YOUR GOAL:
All of the data must be written out verbatim, with pictures excluded.

DATASET SECTION:
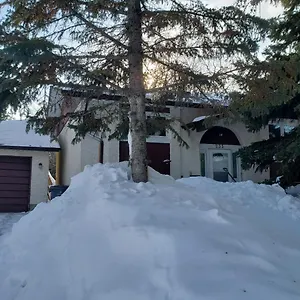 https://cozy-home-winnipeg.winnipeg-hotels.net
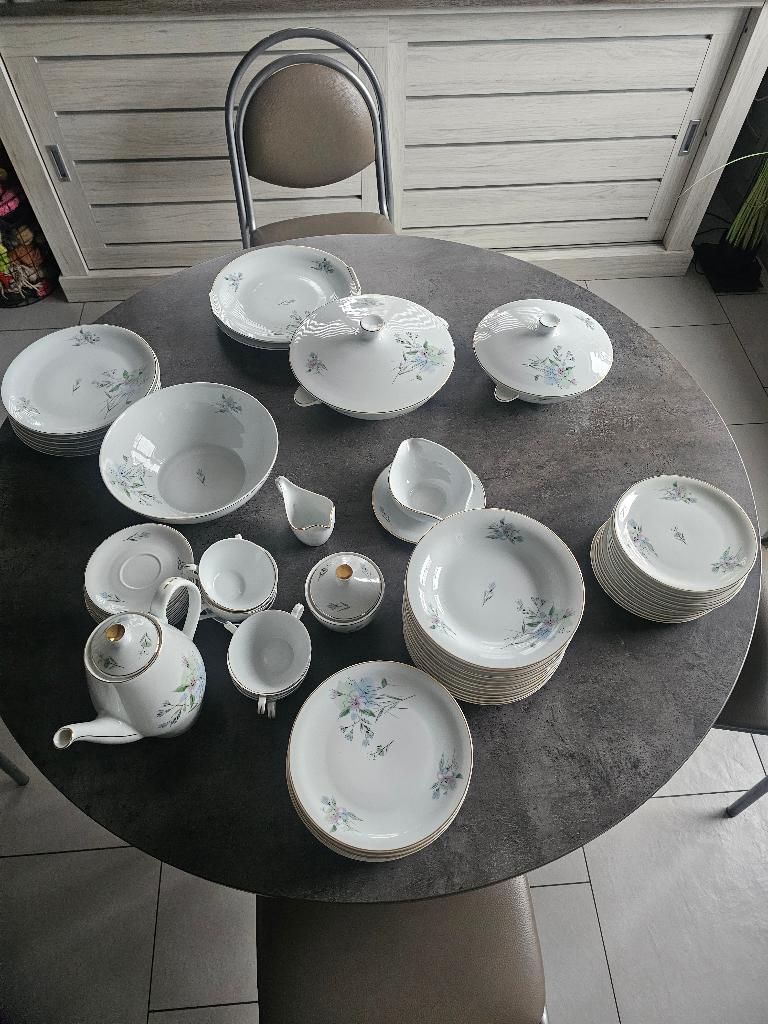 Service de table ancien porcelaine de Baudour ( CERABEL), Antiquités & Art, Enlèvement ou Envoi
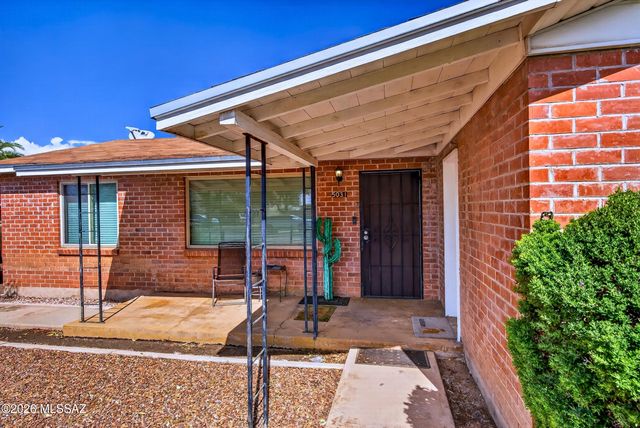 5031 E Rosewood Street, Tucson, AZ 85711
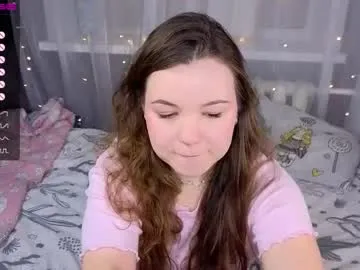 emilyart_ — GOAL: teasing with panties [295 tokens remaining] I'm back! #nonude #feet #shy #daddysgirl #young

SOLUTION FOR THIS PROBLEM:
 https://cozy-home-winnipeg.winnipeg-hotels.net
 Service de table ancien porcelaine de Baudour ( CERABEL), Antiquités & Art, Enlèvement ou Envoi
 5031 E Rosewood Street, Tucson, AZ 85711
 emilyart_ — GOAL: teasing with panties [295 tokens remaining] I'm back! #nonude #feet #shy #daddysgirl #young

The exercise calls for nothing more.